[Dataset entries]
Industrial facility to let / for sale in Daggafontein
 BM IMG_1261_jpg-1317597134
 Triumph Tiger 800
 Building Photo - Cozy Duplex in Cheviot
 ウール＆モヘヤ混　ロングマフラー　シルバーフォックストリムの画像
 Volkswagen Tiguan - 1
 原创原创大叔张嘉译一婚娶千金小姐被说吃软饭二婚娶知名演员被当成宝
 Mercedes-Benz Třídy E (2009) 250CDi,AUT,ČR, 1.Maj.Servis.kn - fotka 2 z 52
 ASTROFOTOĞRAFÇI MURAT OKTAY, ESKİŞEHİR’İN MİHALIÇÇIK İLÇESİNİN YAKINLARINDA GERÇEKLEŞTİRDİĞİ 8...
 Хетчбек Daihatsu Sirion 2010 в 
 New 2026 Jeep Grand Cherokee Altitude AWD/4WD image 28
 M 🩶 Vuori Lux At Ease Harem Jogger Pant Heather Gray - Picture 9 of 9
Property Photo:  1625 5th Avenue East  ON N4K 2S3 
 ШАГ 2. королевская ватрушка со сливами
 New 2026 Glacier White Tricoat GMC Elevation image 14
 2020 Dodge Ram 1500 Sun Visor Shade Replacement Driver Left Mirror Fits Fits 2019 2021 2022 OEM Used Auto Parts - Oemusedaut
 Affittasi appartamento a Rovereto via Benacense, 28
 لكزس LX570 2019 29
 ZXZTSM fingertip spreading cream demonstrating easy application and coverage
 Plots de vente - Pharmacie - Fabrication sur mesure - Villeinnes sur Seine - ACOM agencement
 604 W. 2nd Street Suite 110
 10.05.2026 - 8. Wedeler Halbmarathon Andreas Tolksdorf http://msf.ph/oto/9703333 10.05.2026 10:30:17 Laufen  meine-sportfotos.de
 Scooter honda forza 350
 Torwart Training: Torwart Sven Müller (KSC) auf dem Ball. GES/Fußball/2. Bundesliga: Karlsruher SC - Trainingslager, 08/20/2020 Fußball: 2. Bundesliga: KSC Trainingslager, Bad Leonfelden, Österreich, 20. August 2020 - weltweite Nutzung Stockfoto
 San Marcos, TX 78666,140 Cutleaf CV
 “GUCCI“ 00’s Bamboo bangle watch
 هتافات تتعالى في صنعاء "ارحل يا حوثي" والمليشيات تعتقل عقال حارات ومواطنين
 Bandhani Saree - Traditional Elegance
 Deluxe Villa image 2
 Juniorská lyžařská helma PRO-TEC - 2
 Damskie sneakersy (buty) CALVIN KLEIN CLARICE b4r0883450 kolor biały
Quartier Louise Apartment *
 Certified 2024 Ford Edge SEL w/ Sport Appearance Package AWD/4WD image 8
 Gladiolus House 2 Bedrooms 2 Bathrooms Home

_WHAT THE TASK REQUIRES_
Copy the stretch of the records above that runs from the line with "原创原创大叔张嘉译一婚娶千金小姐被说吃软饭二婚娶知名演员被当成宝" through the line with "Bandhani Saree - Traditional Elegance". Both end lines belong in the copy, and nothing else does.

_SOLUTION TO THIS TASK_
 原创原创大叔张嘉译一婚娶千金小姐被说吃软饭二婚娶知名演员被当成宝
 Mercedes-Benz Třídy E (2009) 250CDi,AUT,ČR, 1.Maj.Servis.kn - fotka 2 z 52
 ASTROFOTOĞRAFÇI MURAT OKTAY, ESKİŞEHİR’İN MİHALIÇÇIK İLÇESİNİN YAKINLARINDA GERÇEKLEŞTİRDİĞİ 8...
 Хетчбек Daihatsu Sirion 2010 в 
 New 2026 Jeep Grand Cherokee Altitude AWD/4WD image 28
 M 🩶 Vuori Lux At Ease Harem Jogger Pant Heather Gray - Picture 9 of 9
Property Photo:  1625 5th Avenue East  ON N4K 2S3 
 ШАГ 2. королевская ватрушка со сливами
 New 2026 Glacier White Tricoat GMC Elevation image 14
 2020 Dodge Ram 1500 Sun Visor Shade Replacement Driver Left Mirror Fits Fits 2019 2021 2022 OEM Used Auto Parts - Oemusedaut
 Affittasi appartamento a Rovereto via Benacense, 28
 لكزس LX570 2019 29
 ZXZTSM fingertip spreading cream demonstrating easy application and coverage
 Plots de vente - Pharmacie - Fabrication sur mesure - Villeinnes sur Seine - ACOM agencement
 604 W. 2nd Street Suite 110
 10.05.2026 - 8. Wedeler Halbmarathon Andreas Tolksdorf http://msf.ph/oto/9703333 10.05.2026 10:30:17 Laufen  meine-sportfotos.de
 Scooter honda forza 350
 Torwart Training: Torwart Sven Müller (KSC) auf dem Ball. GES/Fußball/2. Bundesliga: Karlsruher SC - Trainingslager, 08/20/2020 Fußball: 2. Bundesliga: KSC Trainingslager, Bad Leonfelden, Österreich, 20. August 2020 - weltweite Nutzung Stockfoto
 San Marcos, TX 78666,140 Cutleaf CV
 “GUCCI“ 00’s Bamboo bangle watch
 هتافات تتعالى في صنعاء "ارحل يا حوثي" والمليشيات تعتقل عقال حارات ومواطنين
 Bandhani Saree - Traditional Elegance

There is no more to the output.